Malraux comprendió inmediatamente todo lo que oponía
Lawrence al erotismo moderno: el poeta inglés no ve al erotismo como una
expresión del individuo, sino que concibe al individuo, al hombre y a la mujer,
como oficiantes de una sexualidad cósmica. Lawrence nos propone, dice, un mito.
Pero un mito, añade con cierto escepticismo, "no acude a la razón, sino a
la complicidad de nuestros deseos y experiencias".
Demasiado tajante
Me parece que el juicio de Malraux es demasiado tajante y no
toca el punto esencial.

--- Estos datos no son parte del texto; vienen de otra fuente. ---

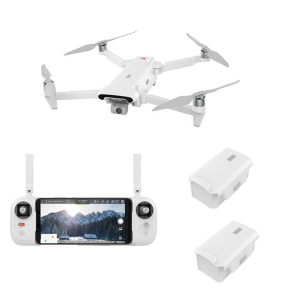 Xiaomi FIMI X8 SE 2020 4K 8KM GPS WiFi RC Drone RTF Two Batteries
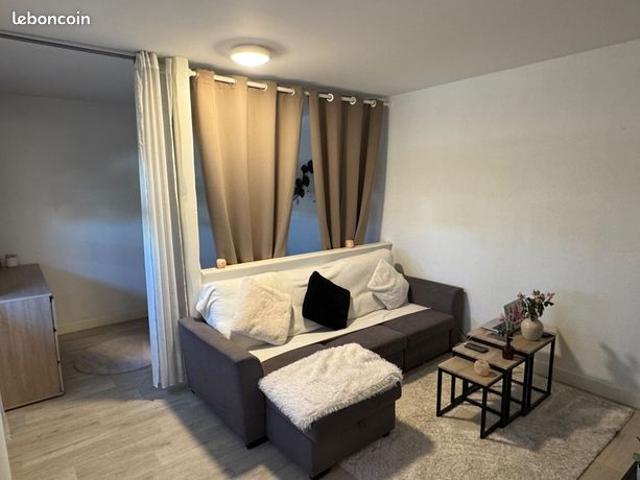 Appartement 2 pièces 34 m²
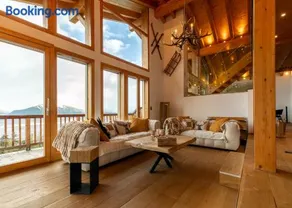 Luxury Chalet Sonas in Veysonnaz - Image 1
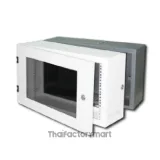 Germany Wall Rack 6U รุ่น G1-60406 ลึก 40Cm รูปที่ 2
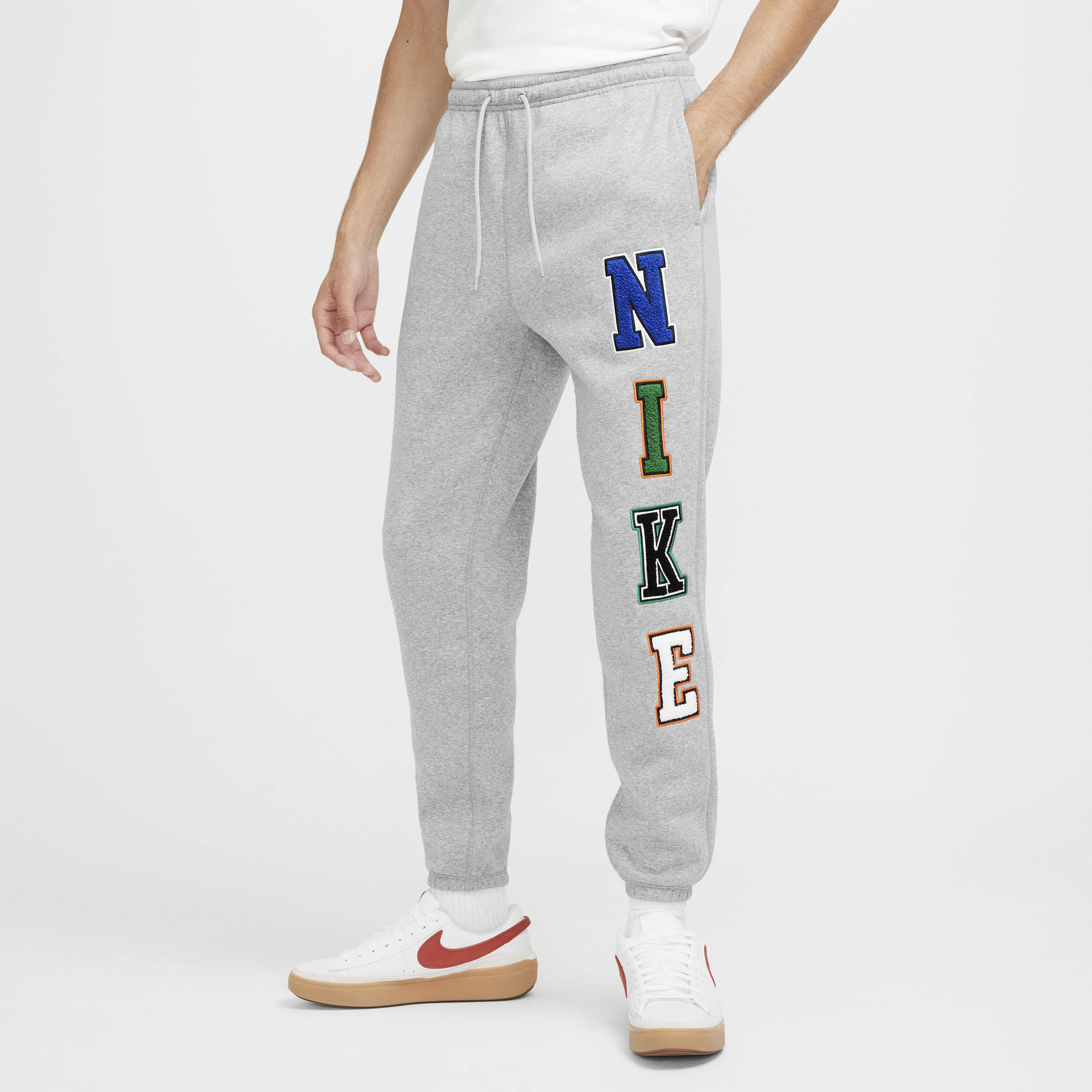 Nike super skinny tracksuit bottoms outlet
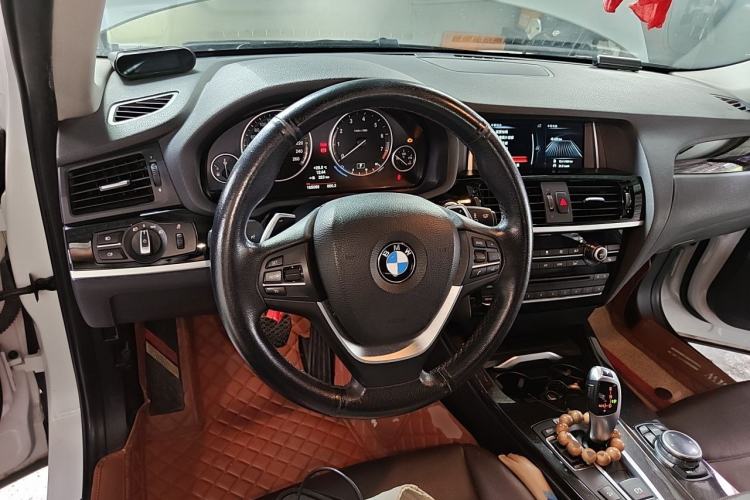Used BMW X4 2014 xDrive20i X Design Package Center Console
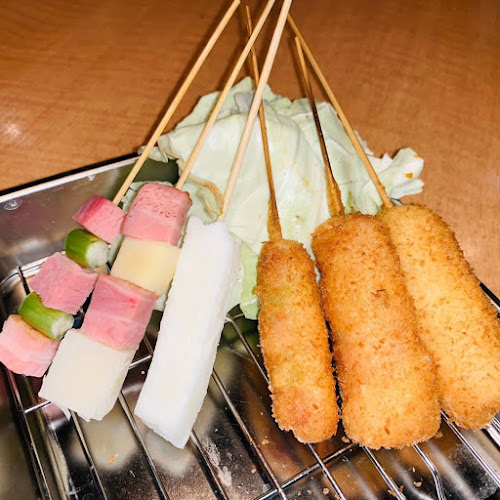 たこやき王子 難波道頓堀店 たこ焼き 串カツ専門店 - 大阪市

Cierto, el aire frío de este final de siglo ha disipado
muchos sueños y lo que ha quedado del mito de Lawrence son dos o tres novelas y
un puñado de poemas. Pero ¿Lawrence nos propuso realmente un mito? No fue ni
quiso ser sino un escritor de obras de imaginación, un poeta-novelista. Al
mismo tiempo, pensó que la gran literatura era una visión del hombre y que esa
visión no era una fantasía ni un ficción, sino una revelación del hombre
escondido que es cada hombre. Esa visión, transformada en palabra sensible, es
decir, en forma: pan del entendimiento, podía ser comprendida y revivida por
cada lector. Su idea de la literatura no era una idea religiosa; por esto
oponía a la noción moderna de comunicación la de sacramento: la literatura como
comunión. Las raíces de la inspiración literaria de Lawrence son las del mito,
pero sus obras no son mitos: son novelas, poemas, relatos, ensayos. Son
escritos profundamente personales, a la inversa de los mitos, que son invenciones
impersonales e involuntarias. Los mitos surgen en una comunidad de manera
anónima, imprevista y sin que nadie se lo proponga. Son creaciones orales, y no
se escriben sino cuando el antropólogo los recoge. Si los mitos se escribiesen,
se escribirían solos. Aunque la obra de Lawrence no es un mito, la inspira un
mito: el de la búsqueda de la inocencia primordial, el regreso al origen y al
gran pacto con las bestias, las plantas, los elementos, el sol, la luna, los
astros. A pesar de sus flaquezas y repeticiones, de sus excesos verbales y de
su humor arbitrario, Lawrence fue un poeta-sacerdote de la religión más antigua
del mundo. Fue consagrado sacerdote de esa religión no por su cónclave de esta
o aquella iglesia, sino por mandato del sol. Su religión fue la del comienzo,
un comienzo que no es cronológico ni es el de los antropólogos que estudian a
las sociedades primitivas: es el diario comienzo, ese primer día que, cada día,
inventan los amantes. Un comienzo sin fechas.